Les mises à jour et correctifs de sécurité constituent un autre défi à relever, en particulier lorsqu’un système doit fonctionner sans interruption, car il devient difficile de trouver le moment adéquat pour apporter ces améliorations pourtant essentielles. Un système, s’il a coûté plusieurs millions et est conçu pour fonctionner sur plusieurs décennies, ne sera pas facilement abandonné ou remplacé, même s’il est jugé peu sûr.

Généralement, une attaque de la chaîne d’approvisionnement cible une organisation par l’intermédiaire d’un tiers, d’un fournisseur ou d’un partenaire. Elle est conçue pour infiltrer les systèmes d’une entreprise en ciblant les éléments vulnérables de son réseau de partenaires. Le maillon le plus faible de la sécurité d’une entreprise peut alors se trouver à l’extérieur. Mais le plus souvent, les pirates, pour mener leur attaque, ciblent en priorité les humains plutôt que les systèmes : le vecteur d’infection le plus courant est le spear phishing, par e-mail. Les méthodes utilisées par les criminels pour cibler leurs victimes reposent sur l’ingénierie sociale, qui s’appuie sur des services comme LinkedIn.

Au sujet de l’affaire Norsk Hydro, Tom Van de Wiele, Principal Security Consultant chez F-Secure, a déclaré : « Cette cyber menace, décrite comme un ransomware, a pu frapper selon divers angles d’attaque. En effet, dans la mesure où l’entreprise gère un site industriel, elle fait appel à de nombreux prestataires pour l’informatique et d’autres services. »

L’attaque a pu être menée grâce à la présence d’un système vulnérable connecté à internet. Dans ce cas, le hacker peut l’avoir découvert par hasard ou dans le cadre d’une attaque ciblée. Il s’est alors introduit sur le réseau et a tenté d’infecter autant de systèmes que possible. Il se peut également qu’un collaborateur ait introduit ce malware en connectant au réseau un appareil déjà infecté par une attaque opportuniste ou ciblée antérieure. Troisième possibilité, la plus probable : un employé a reçu un e-mail contenant une pièce jointe malveillante.

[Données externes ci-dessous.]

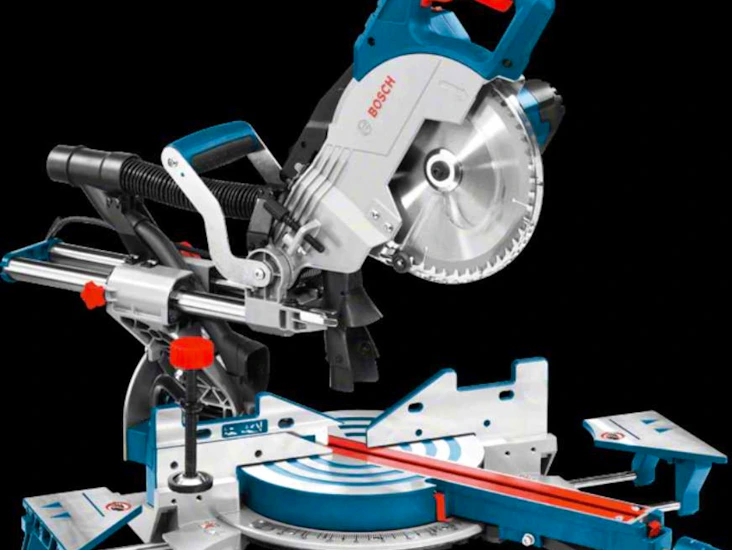 Bosch gcm 8 sjl, kapp og gjærsag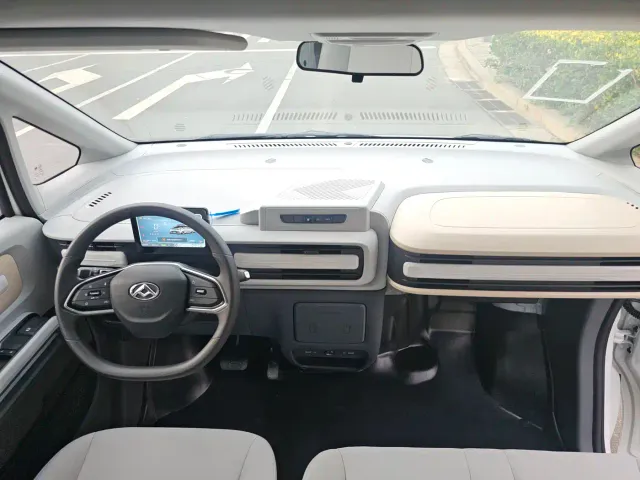 SAIC Maxus Dana V1L — Фото автомобиля 12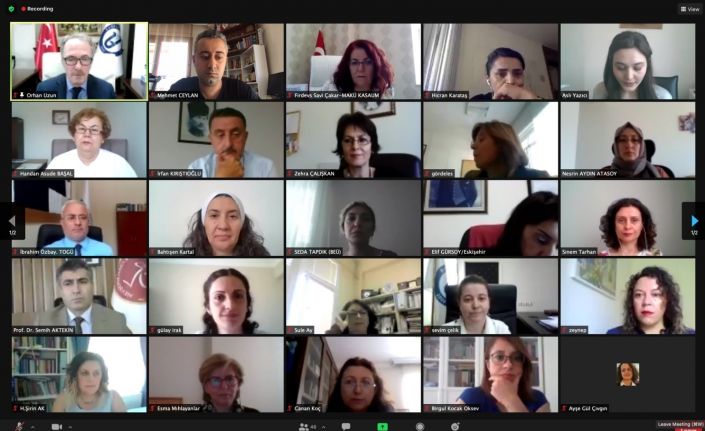 16 üniversitenin kadın çalışmaları merkezleri iş birliği çalıştayında bir araya geldi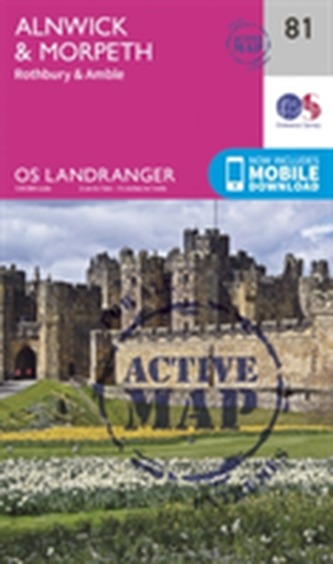 Alnwick & Morpeth, Rothbury & Amble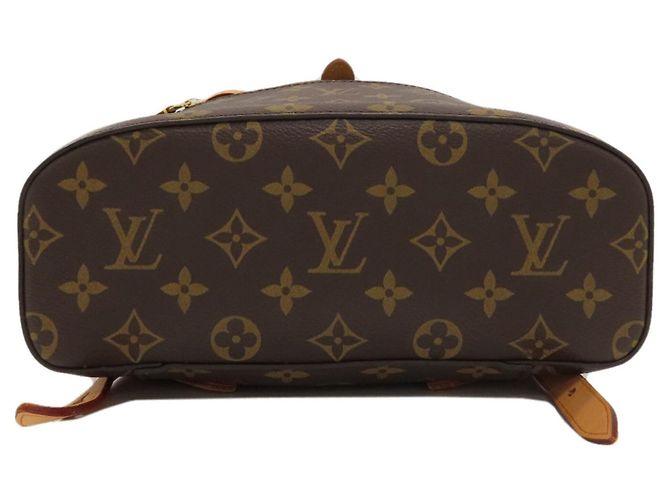 Louis Vuitton M43431 Zaino Montsouris MM - vista 4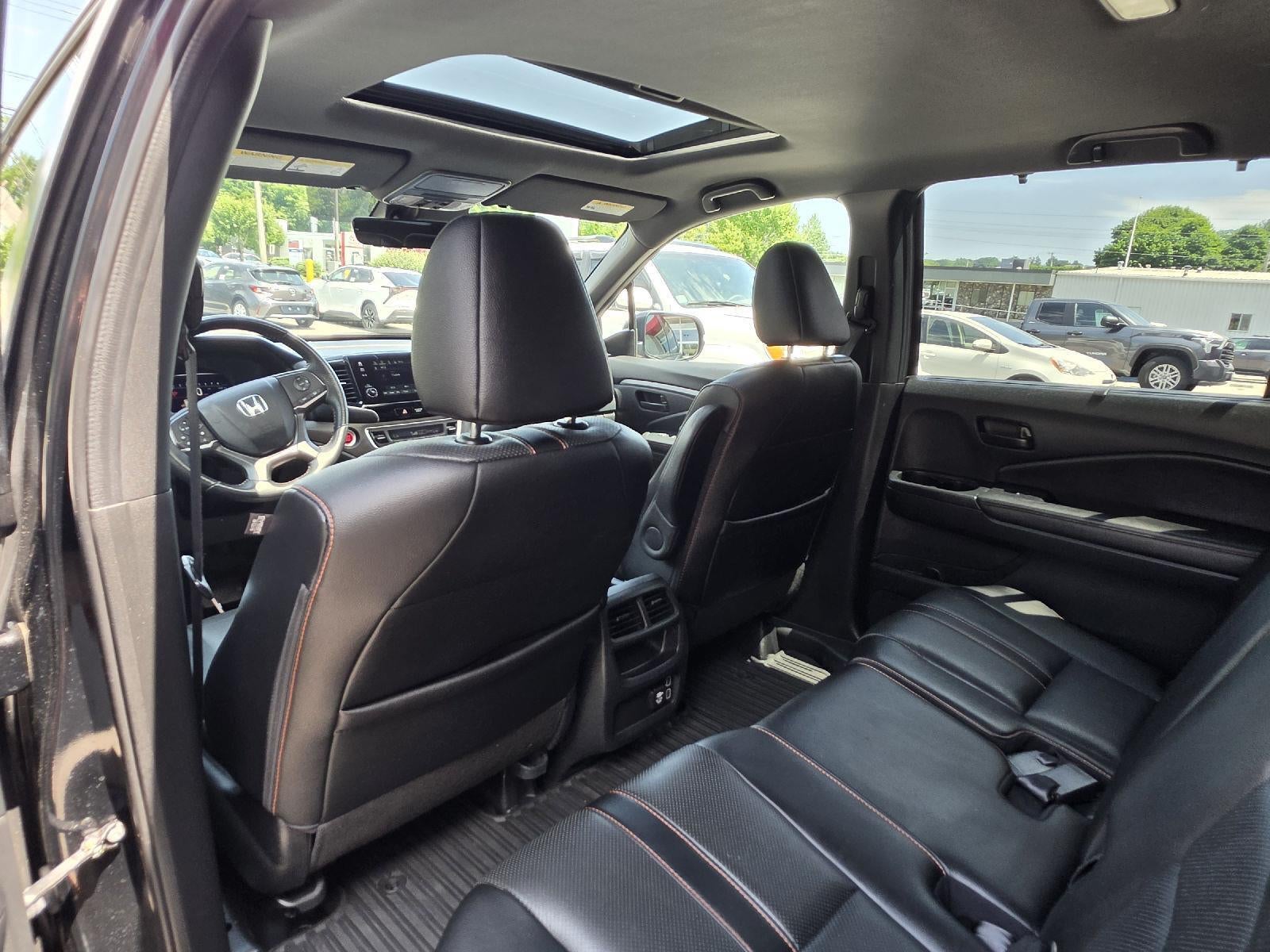 2023 Honda Passport TrailSport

Les informations relatives aux première et troisième surfaces d’attaque ne sont pas encore toutes disponibles. Concernant la ségrégation réseau, Tom Van de Wiele explique qu’un défaut de sécurité a pu porter atteinte à la séparation entre les réseaux administratifs et les réseaux de production. Autre possibilité : l’attaque était d’une telle ampleur que le hacker était capable de se déplacer d’un réseau à l’autre. « Malheureusement, si l’on se base sur notre expérience en matière de cyber incidents, la première explication est généralement la bonne », explique-t-il.

Il n’est pas possible de déterminer avec précision la date à laquelle la prochaine vulnérabilité ou le prochain exploit sophistiqué sera rendu public. Ce dont nous pouvons être sûrs, en revanche, c’est qu’ils seront ensuite rapidement utilisés par les pirates informatiques pour mener des attaques ciblées ou des campagnes non-spécifiques. Ce n’est souvent qu’une question de jours, sinon d’heures.